The whole listing, except its pictures, is to be repeated exactly.

═════ Supplied information ═════

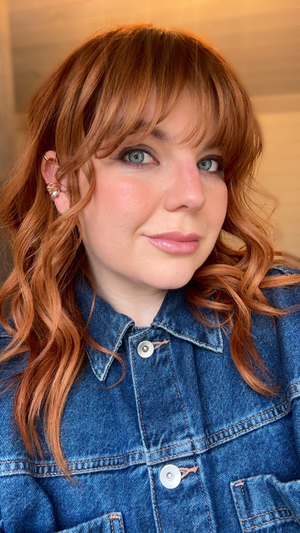Close-up of a woman with red hair, blue eyes, and fair skin, wearing a denim jacket and a sparkly earring. She has a neutral expression and is looking slightly to the side.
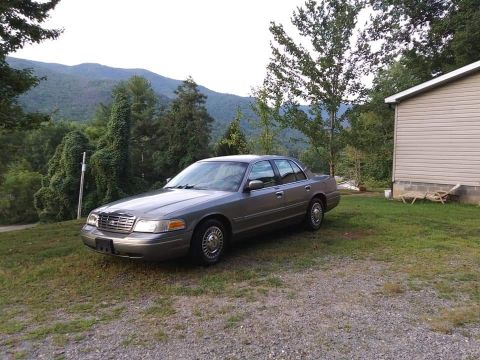 2000 Ford Crown Victoria - A 2000 Ford Crown Victoria is parked outside a rural home with a mountainous landscape behind it.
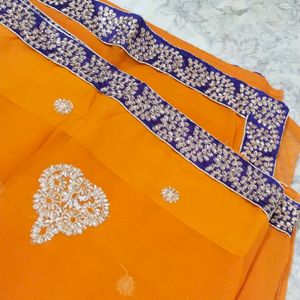 Beautiful saree..small border.1 time used..30min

═════

Written answer:
Close-up of a woman with red hair, blue eyes, and fair skin, wearing a denim jacket and a sparkly earring. She has a neutral expression and is looking slightly to the side.
 2000 Ford Crown Victoria - A 2000 Ford Crown Victoria is parked outside a rural home with a mountainous landscape behind it.
 Beautiful saree..small border.1 time used..30min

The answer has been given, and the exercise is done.